An optimising compiler middle/back end

This program is written in Rust and runs on the nightly channel.

It is a compiler middle end, with its own IR and optimization passes. The goal is to get a small number of optimizations working, implement an IR parser, and then to write a backend for some architecture (probably x86 or AVR).

It is similar to LLVM, except very much a work in progress. The end goal is to have an easy-to-use compiler library leveraging Rust's features, with fairly fast generated programs.

Status

So far the only target supported is AVR.

The compiler can currently parse IR and generate assembly code for very, very basic programs (think very trivial addition and load).

Running the compiler

There is a bundled tool named asm which does most of the work.

Example:

cargo run --bin asm -- input.ir

Intermediate representation

This is the IR that is fed into the compiler. The IR syntax is inspired from Rust and LLVM.

fn @main(%foo: i8) {
  %a = add i8 5, i8 10
  %b = add %foo, %a
  %c = sub %foo, i8 5
  ret
}

There are several passes implemented on IR. This includes:

Constant folding
Dead code elimination

Middle intermediate representation

Once the IR has been optimised, it is converted into 'MIR' form. This IR is tree-based. There are two types of nodes: mir::Branch and mir::Leaf.

mir::Branch corresponds to an operation. A branch is described by an opcode and a set of operands (which are themselves nodes).

mir::Value corresponds to a simple value such as a reference to a register, a constant integer, a reference to an argument, etc.

Example:

(set %a, i8 5) # load an 8-bit immediate into %a
(set %b, (add %a, i8 1))

Instruction selection

When the MIR is first built, it is expanded into tree form. This collapses all of the nodes. In the above sample, the expander would recognize that %a is only used once, so the first node can effectively be inlined into the second node.

This code:

(set %a, i8 5) # load an 8-bit immediate into %a
(set %b, (add %a, i8 1))

Would be expanded to:

(set %b, (add i8 5, i8 1)

Pattern matching

Each target defines a set of patterns which match with MIR nodes.
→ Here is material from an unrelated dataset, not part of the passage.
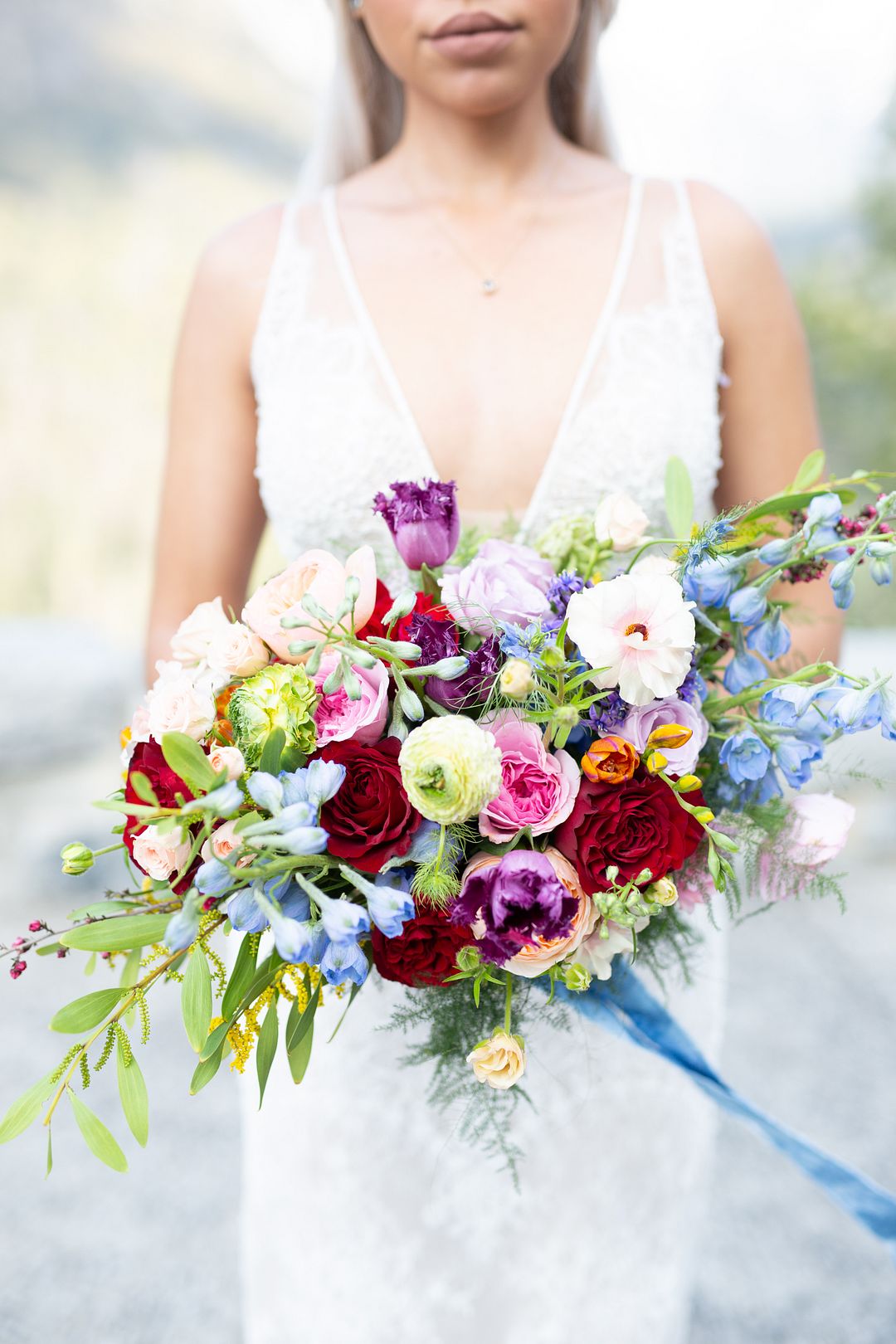 The wedding bouquet reflected the shoot theme   florals in all the different colors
Given a node, the selector works by finding all patterns which either perfectly or partially match the MIR tree.

If a pattern perfectly matches the tree, the the instruction will be chosen to replace the node.

If the pattern partially matches, it returns a list of adjustments which specifies how to change the MIR in order to form a perfect match.

For all partially matching patterns, all of the adjustments are applied to each, which forms a list of permutations. After all of the adjustments are applied, all of the permutations will either perfectly match or not match at all. The most optimal permutation is then chosen, and then the node is replaced with the instruction.

Register allocation

Currently, the only register allocator is really dumb. It doesn't try to spill any registers, and will panic once there are no registers free. Registers are not reused.